(Data extract begins)
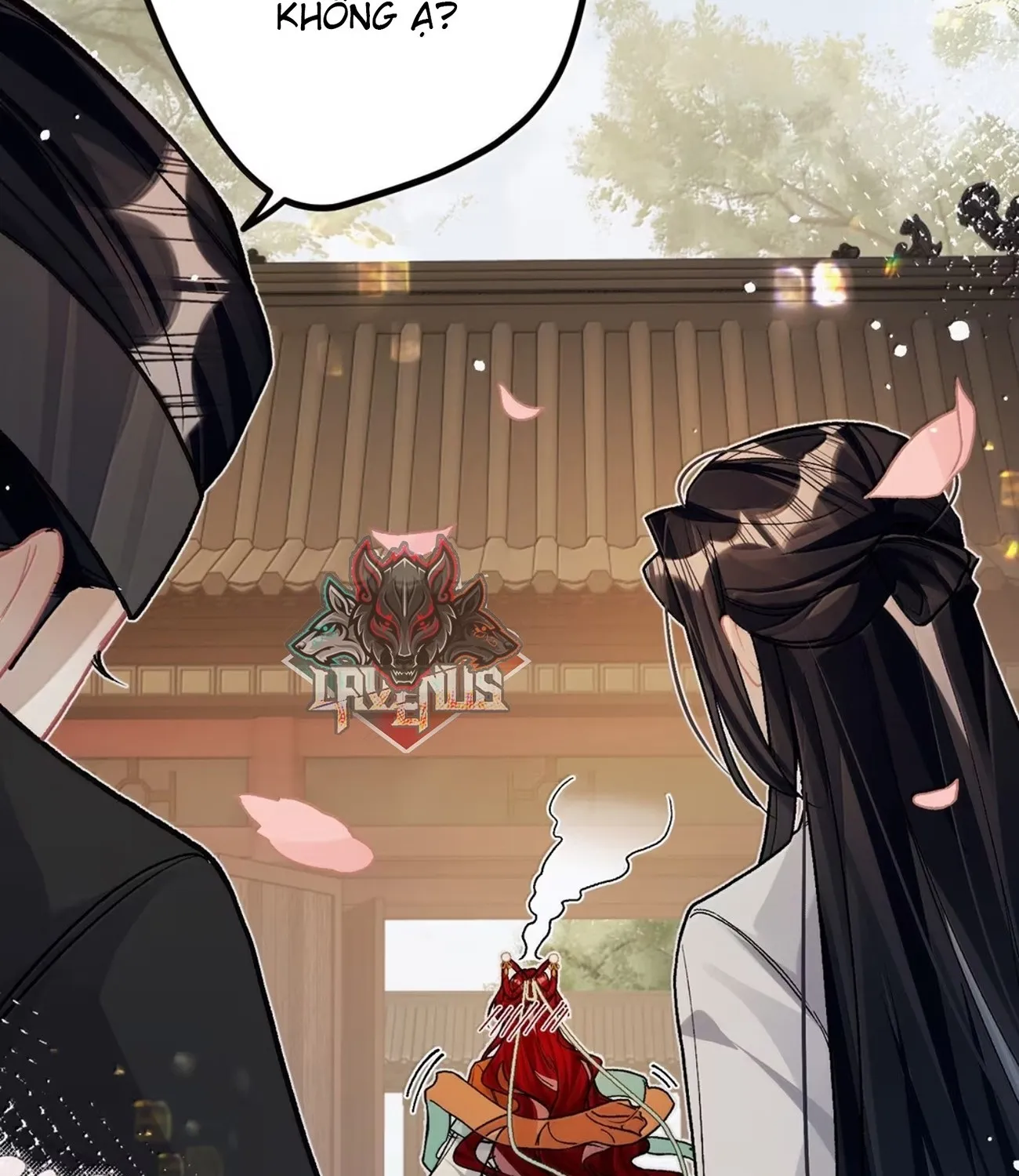 Quấn Quýt - Chap 54 - Trang 68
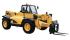 Ładowarki teleskopowe Caterpillar TH360B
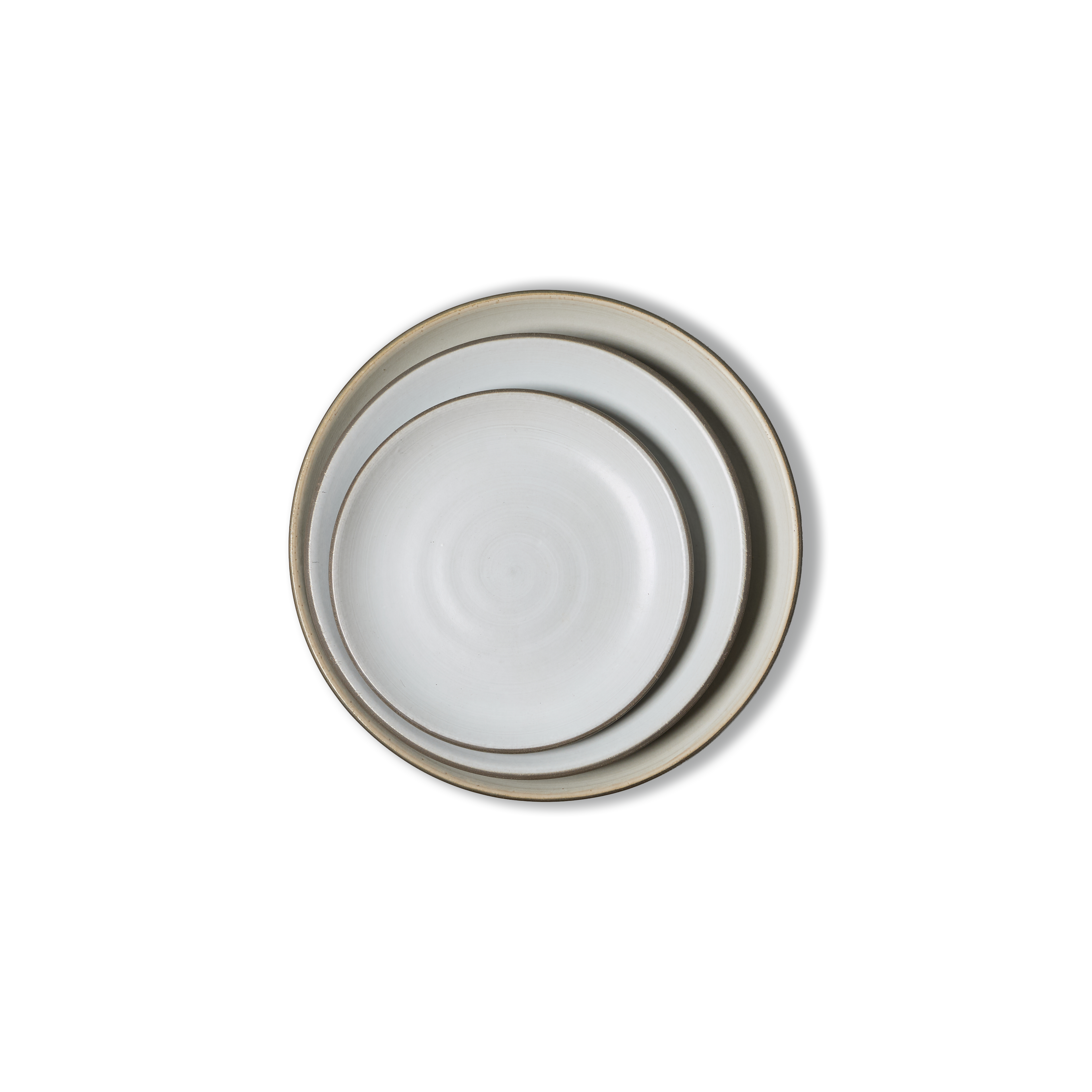 25cm Coupe Dinner Plate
(Data extract ends)
A word-for-word copy of the data, without its pictures, is what is needed.

 Quấn Quýt - Chap 54 - Trang 68
 Ładowarki teleskopowe Caterpillar TH360B
 25cm Coupe Dinner Plate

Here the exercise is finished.